Adding subroutines for SAML Auth with and without MFA

You should have a per-request policy, and SAML authentication servers for authentication with and without MFA.
Create the subroutines to allow continuous checks and reauthenticate with SAML and MFA when the user goes to a specific URL.
  1. From the Main tab, click
    Access
    Profiles / Policies
    Per-Request Policies
    .
  2. Find the policy you want to edit, and in the Per-Request Policy column, click
    Edit
    .
  3. In the per-request policy, click
    Add New Subroutine
    .
  4. Name the subroutine for use with SAML Auth and MFA. For example,
    APP Azure SAML Auth + MFA
    .
  5. Click
    Save
    .
  6. Expand the subroutine, and click the plus to add a new item.
  7. Click the
    Authentication
    tab, select
    SAML Auth
    , and click
    Add Item
    .
  8. Select the
    AAA Server
    for SAML Authentication with MFA. For example,
    /Common/app.example.com-azure-mfa
    .
  9. Click
    Save
    .
  10. In the subroutine, click
    Edit Terminals
    .
  11. Click
    Add Terminal
    .
  12. Select the red color for the new terminal, and name the unsuccessful terminal, for example,
    fail
    .
    You cannot name the failure terminal
    fallback
    .
  13. Create another subroutine for SAML Auth without MFA, name it accordingly, and for the
    AAA Server
    , select the non-MFA AAA server.
    Configure the terminals in the same way.
  14. On the MFA branch of the per-request policy, click the plus symbol.

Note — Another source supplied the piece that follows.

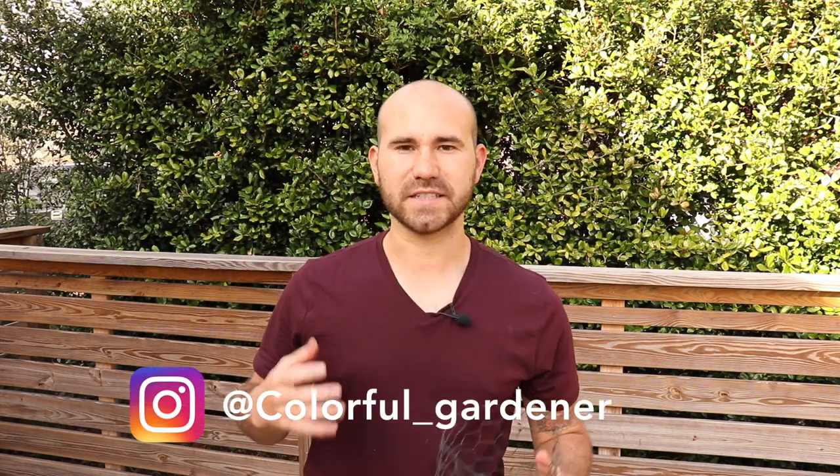Hi guys and welcome to The Colorful Gardener. My name is Josh and today I'm going to be showing you a quick tutorial on how to protect your plants as we head into warmer weather. If you're new here and you haven't subscribed, go ahead and hit that subscription button so you can get more gardening tips and tutorials to improve your garden.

  15. Click the Subroutines tab, select the SAML Auth with MFA subroutine you created, and click
    Add Item
    .
  16. On the non-MFA branch of the per-request policy, click the plus symbol.
  17. Click the Subroutines tab, select the SAML Auth without MFA subroutine you created, and click
    Add Item
    .
  18. Add any other items your per-request policy requires.
    This example shows a completed per-request policy with MFA and non-MFA subroutines, assigned by URL branching. A Pool Assign macro has also been added, which assigns a static pool after authentication succeeds. The
    Start
    of the policy has been removed for image clarity.
The per-request policy is now configured.
Configure a virtual server for the application, and attach the allow-all access policy and the authentication per-request policy.